* PROBLEM TO WORK ON
When you reproduce the entries below, keep each one exact and drop any pictures.

=== INFORMATION SUPPLIED ===

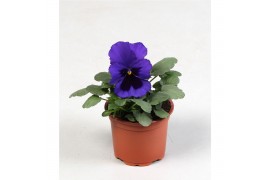 Viola wittrockiana delta f1 blue with blotch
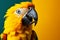 Avian vibrance sunlit parrot in vivid colors against yellow backdrop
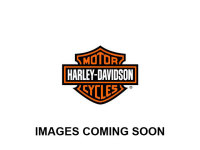 2009 Harley-Davidson Electra Glide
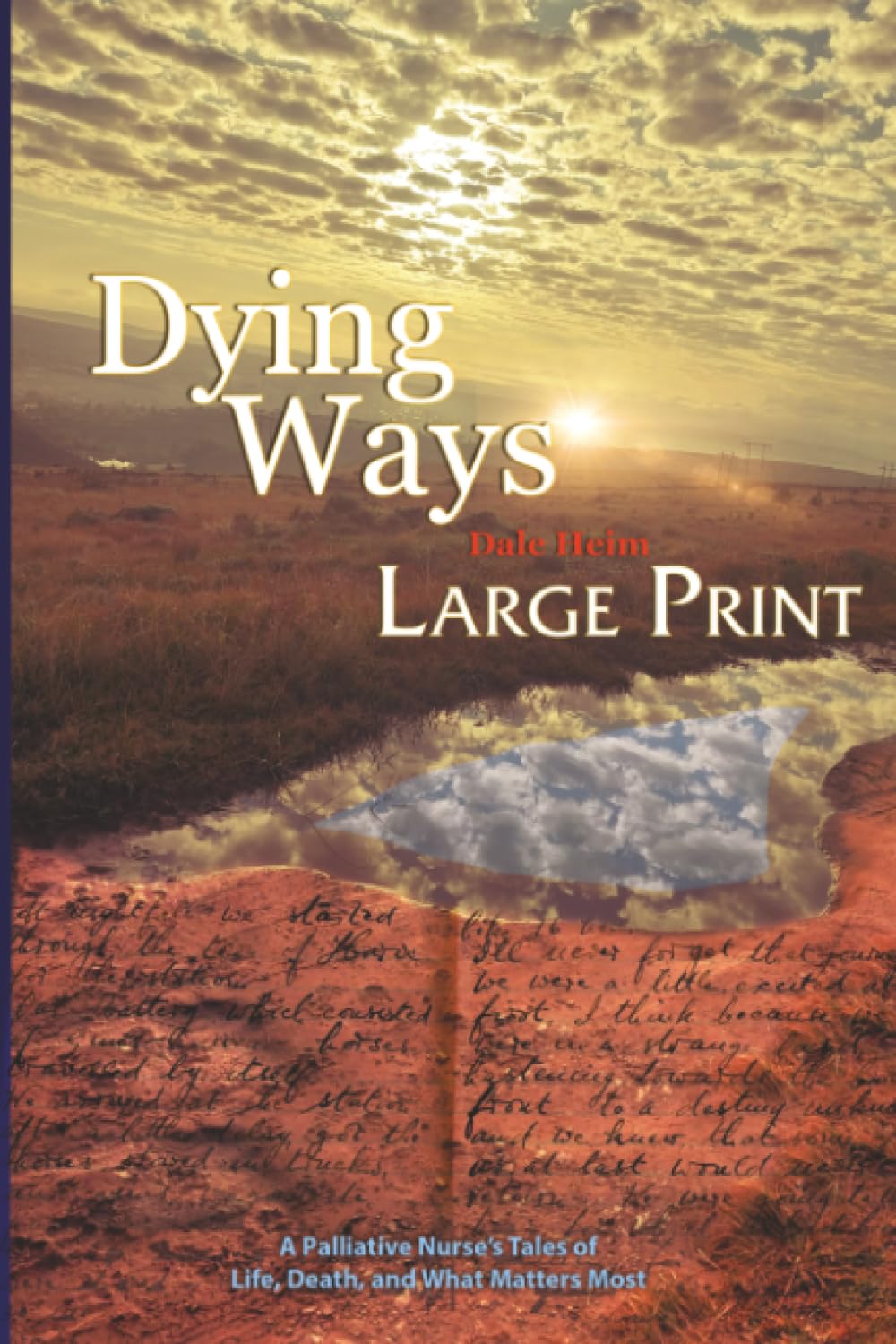 Dying Ways (Large Print): A Palliative Nurse's Tales of Life, Death, & What Matters Most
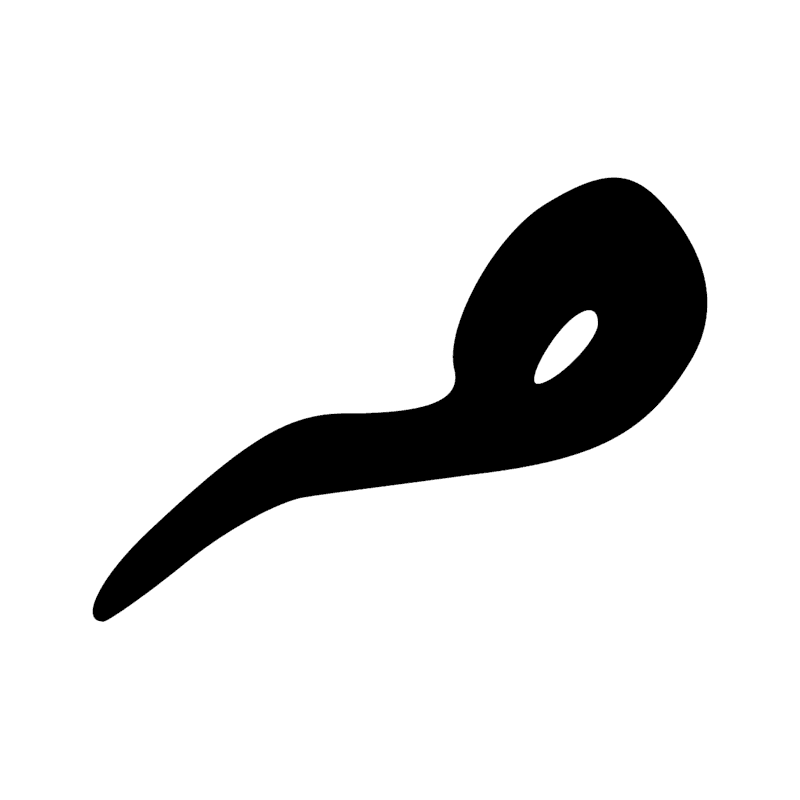 V1 — Corde lovée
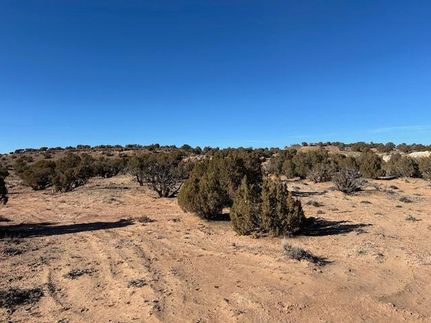 Undeveloped Land for sale in Duchesne County, Utah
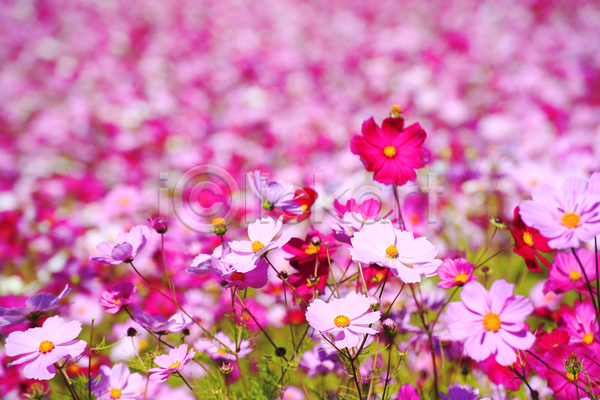 사람없음 JPG 포토 해외이미지 꽃 묘사 밭 백그라운드 벚꽃 분홍색 시골 식물 자연 정원 초록색 컬러풀 코스모스(꽃) 파란색 해외202004 환경 황금 흰색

===

* RESULT OF THIS EXERCISE
 Viola wittrockiana delta f1 blue with blotch
 Avian vibrance sunlit parrot in vivid colors against yellow backdrop
 2009 Harley-Davidson Electra Glide
 Dying Ways (Large Print): A Palliative Nurse's Tales of Life, Death, & What Matters Most
 V1 — Corde lovée
 Undeveloped Land for sale in Duchesne County, Utah
 사람없음 JPG 포토 해외이미지 꽃 묘사 밭 백그라운드 벚꽃 분홍색 시골 식물 자연 정원 초록색 컬러풀 코스모스(꽃) 파란색 해외202004 환경 황금 흰색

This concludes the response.